After the Gotrek & Felix omnibus, I read a collection of three of Moorcock’s “Corum” novels (apparently he wrote another trilogy later as a sequel).  This trilogy consists of The Knight of swords, The Queen of swords, and The King of swords.  I’ve had the paperback for a while, and though I enjoyed the first three Elric books, I hadn’t really sought out anything else by Moorcock because of my thing about series.  I decided to give the Corum books a chance though for a number of reasons, some of them good ones.  First, the summary on the back of the book made it sound like it might be a retelling of Celtic myths about Ireland — the elf-like Vadhagh, living in secluded castles, are caught unawares by an onslaught of barbaric Mabden (humans).  I was also some intrigued by the illustration and description of the protagonist, Corum Jhaelen Irsei, that I saw in Wayne Barlowe’s Guide to Fantasy, a great if slightly less well-known companion to his Guide to Aliens.  Third, the crazy book covers by Patrick Woodruffe that I saw last month reminded me that I’d been meaning to read this.  Now that I spend 20 or 30 minutes most mornings doing the lazy man’s exercise (recumbent stationary bike), I have a lot of time to read, especially when I bring the same book to work to read at lunch. In fact I am still a books behind in these reviews.  Coming soon: The novelization of Zardoz, The mountains of madness, and more!

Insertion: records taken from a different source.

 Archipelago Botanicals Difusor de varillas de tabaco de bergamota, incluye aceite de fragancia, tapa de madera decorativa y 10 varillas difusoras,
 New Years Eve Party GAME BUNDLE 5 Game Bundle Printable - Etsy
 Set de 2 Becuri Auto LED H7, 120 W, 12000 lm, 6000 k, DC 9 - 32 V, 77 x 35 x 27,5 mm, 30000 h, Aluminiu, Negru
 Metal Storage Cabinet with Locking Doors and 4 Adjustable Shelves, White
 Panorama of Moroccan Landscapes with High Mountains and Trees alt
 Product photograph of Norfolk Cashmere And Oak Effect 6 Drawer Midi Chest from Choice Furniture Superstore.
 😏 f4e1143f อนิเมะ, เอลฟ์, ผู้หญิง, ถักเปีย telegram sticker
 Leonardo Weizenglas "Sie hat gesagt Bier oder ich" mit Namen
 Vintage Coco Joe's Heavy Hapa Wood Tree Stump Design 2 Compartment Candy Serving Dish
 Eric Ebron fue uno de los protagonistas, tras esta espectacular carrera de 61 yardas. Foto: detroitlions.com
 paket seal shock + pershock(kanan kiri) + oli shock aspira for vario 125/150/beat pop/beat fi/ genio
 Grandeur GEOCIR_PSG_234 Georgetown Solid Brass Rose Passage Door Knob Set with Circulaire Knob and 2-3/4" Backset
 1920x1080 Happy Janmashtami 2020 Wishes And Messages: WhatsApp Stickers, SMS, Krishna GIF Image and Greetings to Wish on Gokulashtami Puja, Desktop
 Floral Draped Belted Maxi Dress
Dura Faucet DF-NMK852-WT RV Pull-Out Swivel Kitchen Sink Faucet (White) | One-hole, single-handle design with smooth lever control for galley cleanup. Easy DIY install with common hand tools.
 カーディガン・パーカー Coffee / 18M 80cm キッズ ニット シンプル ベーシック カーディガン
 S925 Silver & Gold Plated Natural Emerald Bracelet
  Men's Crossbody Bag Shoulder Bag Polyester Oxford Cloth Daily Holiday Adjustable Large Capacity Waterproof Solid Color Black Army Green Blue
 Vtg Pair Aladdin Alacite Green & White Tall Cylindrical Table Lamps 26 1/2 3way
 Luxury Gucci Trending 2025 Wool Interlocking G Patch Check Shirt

Anyway, the Corum books are set in collection of planes that are much closer to, and possibly include, our own Earth — unlike the Elric saga, I think…which is set in a different collection of planes, or perhaps just a different period of time.  Corum and his people had the ability to travel among a few of these planes (a power which humans attributed to sorcery, but which the Vadhagh considered a science), but over the course of the book many more planes are revealed to exist and as you might have guessed, Corum’s universe is a part of Moorcock’s ‘mulitverse’ and (minor spoiler) Corum is another incarnation of the Eternal Champion.

Really, I thought the first several chapters of book one were great, and the gritty realism of Mabden invasion was compelling.  It is a tribute to Moorcock’s skill that I did not throw the book against a wall as additional layers of over-the-top fantasy were added, and Corum interacts with and even battles the gods themselves. Anyway I found Corum to be a fairly sympathetic character, perhaps more so than Elric, because he actually cares about justice and doing the right thing, and repeatedly risks his own life to help others.  There is a bit of a pattern of deus-ex-machina assistance whenever things get really grim for him though, and and I’d have found that more tedious were it not for the final chapter which ‘hidden message’ — perhaps the theme of all Moorcock’s Eternal Champion books, or anyway it ought to be — is revealed, and the relationship between the gods and mortals comes to a surprising but satisfactory conclusion.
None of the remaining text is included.